Agricultural News
Laatest U.S. Drought Map Shows Oklahoma is 75 Percent Drought Free
Thu, 28 Jan 2021 14:38:20 CST
Moderate precipitation fell across central Texas extending northeast into Oklahoma and Arkansas along with heavy snow across the northern High Plains, Rocky Mountains into Iowa.
This week's U.S. Drought Monitor map also shows decent snowpack in the high elevations of the Rockies led to some improvement in the protracted D2-D4 (Severe, Extreme and Exceptional Drought) categories in north-central and south-central Colorado.
Otherwise, the driest areas this week included parts of the Intermountain West, the southern High Plains and southern Texas.
We're keeping our eye on an expanding area of dryness popping up in the southwestern Tennessee, northwestern Mississippi and south-central Louisiana.
Six-month rainfalls in central Louisiana are 15 inches below normal.
To view the U.S. Drought map, click here.
For Oklahoma, a small pocket extreme drought (D3) persists in Harmon County in southwest Oklahoma.
Statewide, approximately 75.15 percent of the state is drought free this week, almost a 9 percent change from last week.
We must go back almost a year to find a time when the state was this free of drought conditions.
To view the Oklahoma drought map, click here.
The latest seasonal drought outlook, January through April, calls for developing drought in south central Kansas and western Oklahoma.

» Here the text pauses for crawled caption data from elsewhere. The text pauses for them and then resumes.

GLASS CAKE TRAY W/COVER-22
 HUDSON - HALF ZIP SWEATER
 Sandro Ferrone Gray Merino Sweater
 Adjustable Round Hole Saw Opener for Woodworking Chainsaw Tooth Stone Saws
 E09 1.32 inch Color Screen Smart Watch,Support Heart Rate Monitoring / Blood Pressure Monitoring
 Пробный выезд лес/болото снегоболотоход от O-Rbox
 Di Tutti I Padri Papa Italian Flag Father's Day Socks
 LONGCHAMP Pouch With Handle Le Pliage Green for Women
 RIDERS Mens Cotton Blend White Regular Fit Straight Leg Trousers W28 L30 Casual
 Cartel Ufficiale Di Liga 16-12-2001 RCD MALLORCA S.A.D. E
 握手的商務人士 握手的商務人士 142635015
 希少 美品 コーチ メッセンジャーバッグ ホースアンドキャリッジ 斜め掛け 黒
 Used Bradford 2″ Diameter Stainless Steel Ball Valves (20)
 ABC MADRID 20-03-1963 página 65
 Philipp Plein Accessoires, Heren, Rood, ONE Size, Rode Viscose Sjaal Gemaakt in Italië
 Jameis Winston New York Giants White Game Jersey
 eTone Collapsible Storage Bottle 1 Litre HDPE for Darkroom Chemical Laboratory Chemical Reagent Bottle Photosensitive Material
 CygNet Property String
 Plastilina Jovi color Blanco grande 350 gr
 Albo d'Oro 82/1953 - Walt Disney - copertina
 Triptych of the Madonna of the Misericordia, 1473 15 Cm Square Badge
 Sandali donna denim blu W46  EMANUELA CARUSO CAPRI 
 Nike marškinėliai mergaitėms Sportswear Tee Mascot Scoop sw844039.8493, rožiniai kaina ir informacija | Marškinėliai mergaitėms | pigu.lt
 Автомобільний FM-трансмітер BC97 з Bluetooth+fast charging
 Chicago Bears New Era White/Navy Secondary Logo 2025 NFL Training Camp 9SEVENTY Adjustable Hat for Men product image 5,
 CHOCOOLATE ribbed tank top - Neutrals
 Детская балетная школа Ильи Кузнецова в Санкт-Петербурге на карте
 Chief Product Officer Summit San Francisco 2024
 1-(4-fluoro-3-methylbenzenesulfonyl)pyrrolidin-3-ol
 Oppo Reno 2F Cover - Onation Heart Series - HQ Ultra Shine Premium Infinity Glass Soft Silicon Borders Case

To view the spring seasonal drought outlook map from the Climate Prediction Center, click here.
The outlook for next week calls for average temperatures and above precipitation for much of the state.
To view the 6-10-day temperature outlook, click here.
To view the 6-10-day precipitation outlook, click here.
The U.S. Drought Monitor Map is developed through a partnership between the National Drought Mitigation Center at the University of Nebraska-Lincoln, the United States Department of Agriculture, and the National Oceanic and Atmospheric Administration.